La Menace du Lac Kivu

Des milliards de mètres cubes de CO2 : c'est ce que le lac Kivu pourrait libérer dans l'air, semant dès lors la mort aux confins du Rwanda et de la République du Congo. Surtout qu'il regorge aussi de méthane, lequel fait monter la pression... La solution ? Exploiter cette manne que représente justement ce méthane, pour que le lac Kivu ne devienne pas un "lac tueur".

L'ELDORADO ÉNERGÉTIQUE QUI FAIT PEUR

Nuit du 21 août 1986, Cameroun. Dans un rayon de 30 km autour du lac Nyos, dans le nord-ouest du pays, c'est la désolation : près de 1800 personnes et des dizaines de milliers de têtes de bétail sont retrouvées mortes. Sans que l'on sache pourquoi. Deux ans auparavant, une hécatombe tout aussi énigmatique avait déjà frappé le Cameroun, lorsqu'une quarantaine de décès avaient endeuillé les parages du lac Monoun. Les lacs camerounais seraient-ils maudits ? Une longue enquête, mobilisant nombre de scientifiques, finira par percer le mystère : c'est la libération dans l'atmosphère d'une quantité massive de gaz carbonique initialement piégée au fond des lacs qui, sans bruit, a asphyxié les habitants pendant leur sommeil. La légende des "lacs tueurs" était née...

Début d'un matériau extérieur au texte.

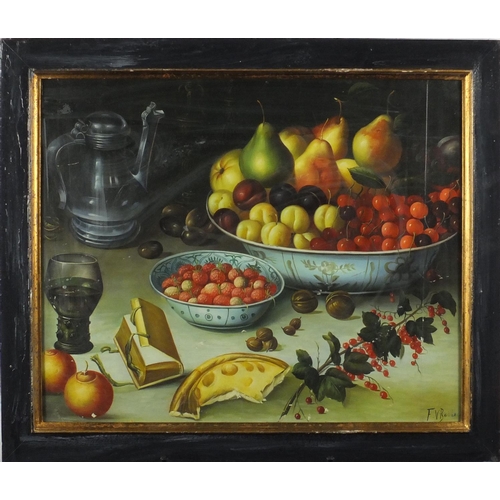 2133 - Still life fruit and vessels, Old Master style oil on canvas board, bearing a signature F V Bailey, ... 
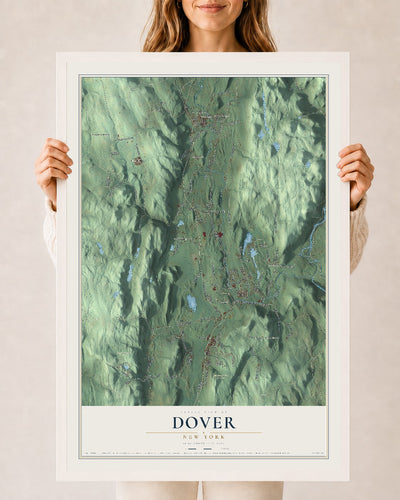 Map of Dover, New York, 24 x 36 inch print in a white wood frame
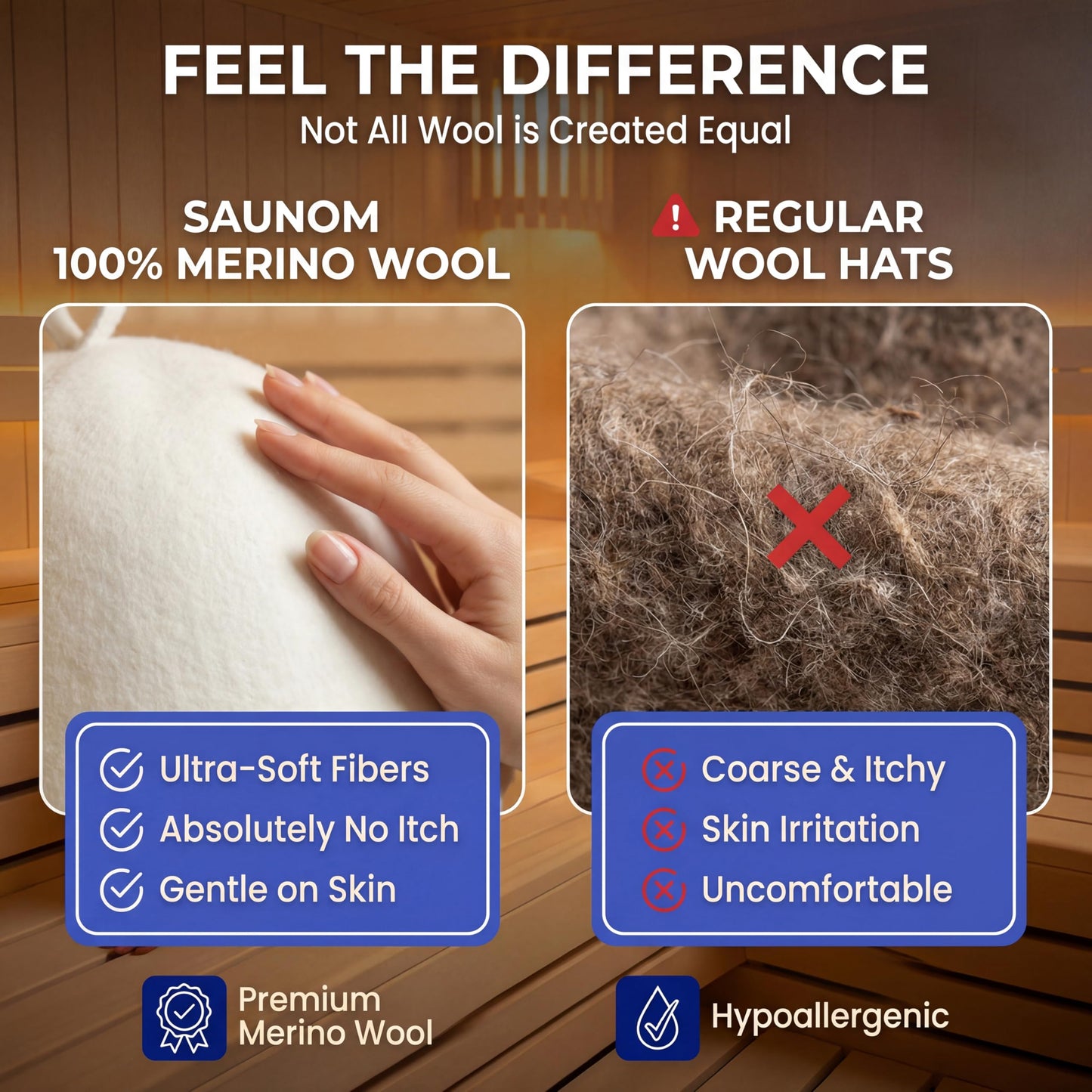 SAUNOM Premium Ultra Soft Sauna Hat for Women and Men — 100% Merino Wool — Ultra Soft, Breathable, Itch-Free and Odor Resistant Sauna Cap — Ideal Banya Hat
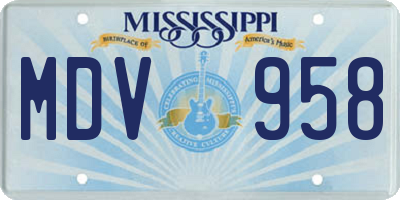 MS license plate MDV958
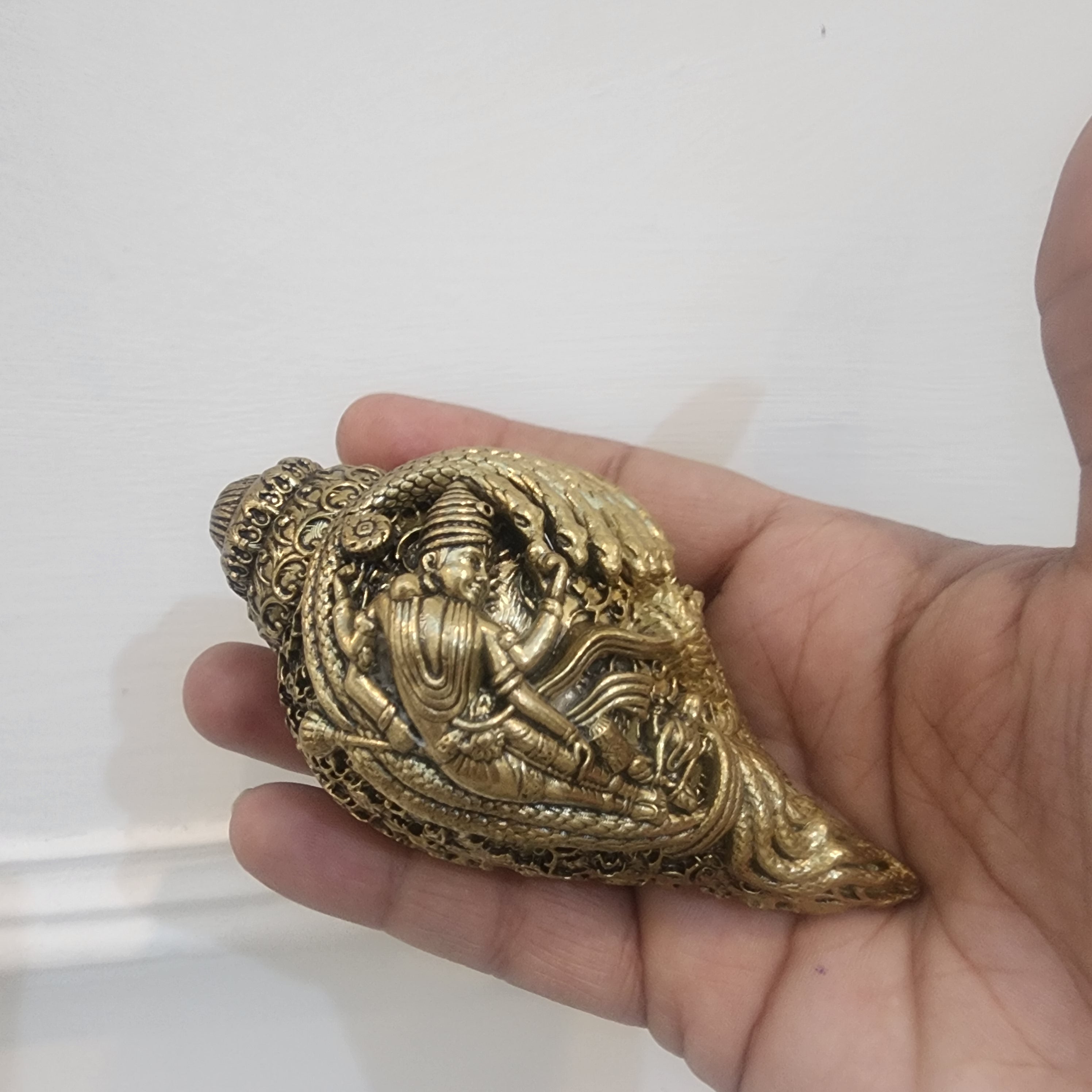 Brass Narayan Shankh I Conch Shell 4 inch | 120 grams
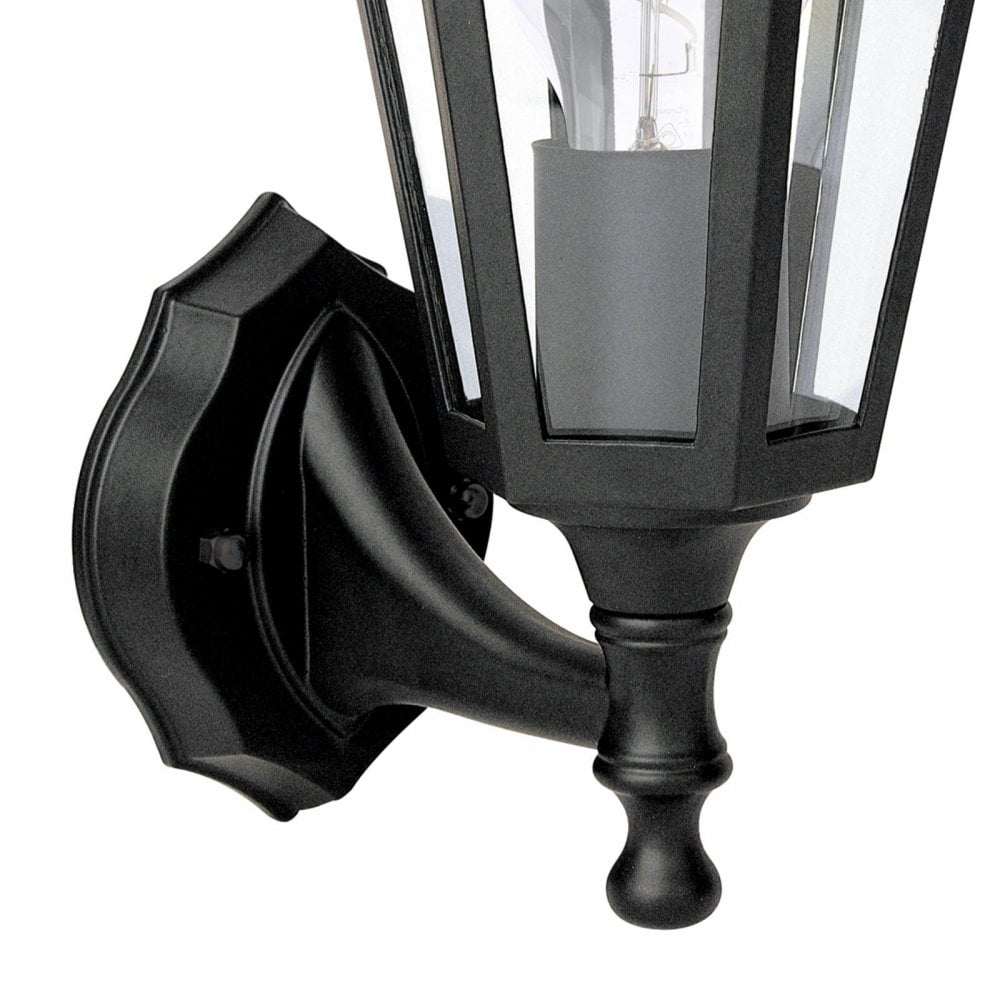 LEW1622 Lewis Outdoor Wall Light Matt Black and Glass IP44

MILLE FOIS PLUS DE CO2 QUE DANS LE LAC NYOS

Rives du lac Kivu, à 2000 km de là, entre le Rwanda et la République Démocratique du Congo (RDC). Alors que le soleil se couche sur cet immense lac d'altitude de 2400 km², impossible de soupçonner que les eaux dissimulent près de 300 milliards/m³ de gaz carbonique. Soit mille fois plus que n'en contenait le lac Nyos lorsque le gaz mortel s'est échappé dans l'atmosphère ! Mais il y a plus : depuis les années 1940, on sait que les eaux du lac Kivu regorgent aussi de dizaines de milliards/m³ de méthane. Autrement dit, du gaz naturel. Une caractéristique unique au monde, qui constitue une inestimable ressource énergétique - jusqu'à présent inexploitée - pour les deux pays frontaliers. Mais qui fait aussi peser une menace directe pour les deux millions de personnes qui vivent sur les rives du lac.

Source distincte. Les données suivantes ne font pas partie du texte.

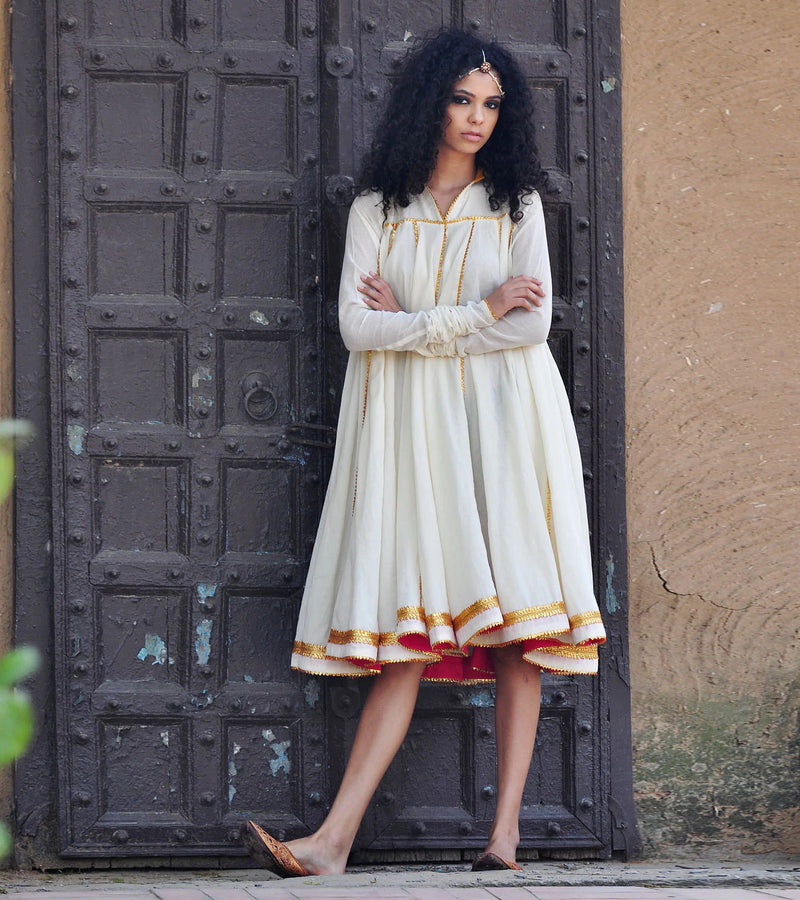 IVORY AND GOLD KALI DRESS Kurta Sets,Dress by Khara Kapas in white for women in Singapore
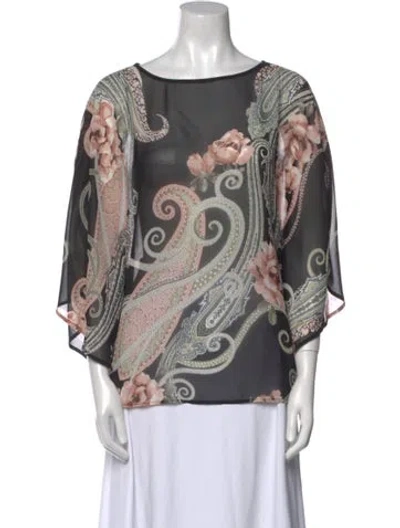 Pre-owned Bob Mackie Wearable Art Printed Bateau Neckline Blouse In Black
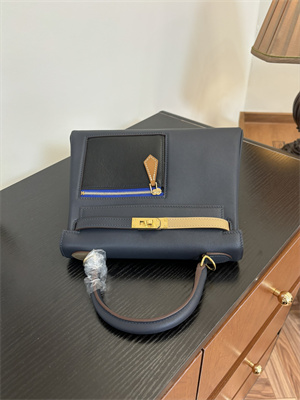 Kelly Colormatic Bag Swift Leather 25/28CM Gold/Silver Hardware In Bleu Marine, Black, Chai, Gold and Etoupe Color HS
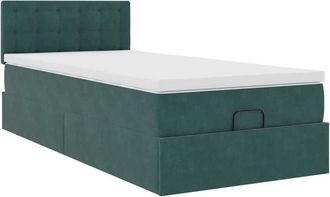 vidaXL Estructura De Cama Otomana Con Colch&oacute;n Terciopelo Verde Oscuro Vidaxl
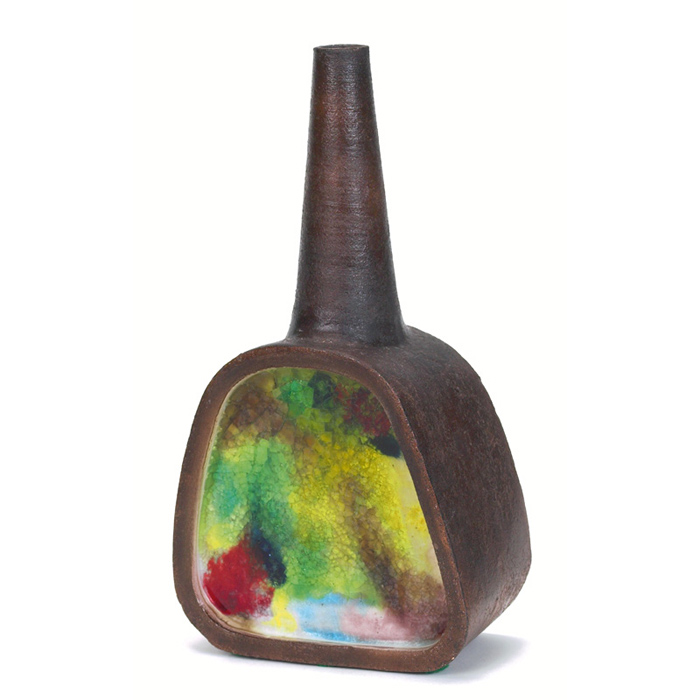 Appraisal: Raymor vase ceramic bottle form with colorful glass face marked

Car l'existence même de ce méthane rend redoutable la gigantesque réserve de gaz carbonique piégée dans les eaux du lac. "Sans la présénce du méthane, le risque d'explosion gazeuse serait tout simplement négligeable", affirme Michel Halbwachs, professeur de physique à l'université de Savoie et spécialiste des lacs africains, qui a mis en place des missions de terrain financées par la Communatité européenne. Pour comprendre, il faut savoir qu'une eau ne peut pas contenir une quantité illimitée de gaz dissous : lorsque la pression de l'ensemble des gaz accumulés dans l'eau à une certaine profondeur dépasse la pression exercée par la colonne d'eau au-dessus, le phénomène dit "d'ex-solution" s'enclenche. En clair, la tension est telle que les deux partenaires finissent par se séparer : des bulles de gaz se forment dans les profondeurs du lac et remontent brusquement à la sufface, entraînant avec elles les eaux chargées en gaz dissous, qui jaillissent en gerbe et libèrent leur gaz dans l'atmosphère. Une réaction en chaîne semblable, à moindre échelle, à celle qui se produit lorsqu'on débouche une bouteille de champagne... Or, le méthane est un gaz peu soluble dans l'eau. Et bien que cinq fois moins abondant que le C02 dans le lac Kivu, il est à lui seul responsable de 85 % de la pression en gaz dissous. La saturation en gaz des eaux est donc particulièrement sensible à la concentration en méthane et à ses variations. "Le méthane constitue le détonateur de la bombe à retardement représentée par l'énorme volume de gaz carbonique dissous , resume Michel Halbwachs. Et ce détonateur pourrait se déclencher bien plus tôt qu'on ne l'imaginait jusqu'alors. Car, si le lac Kivu est connu pour contenir des quantités impressionnantes de gaz dissous, il a longtemps été considéré comme stable. En effet, gaz carbonique et méthane sont principalement concentrés en dessous de 250 mètres de fond, et les eaux du lac sont fortement stratifiées, ce qui empêche les mouvements verticaux des différentes masses d'eau.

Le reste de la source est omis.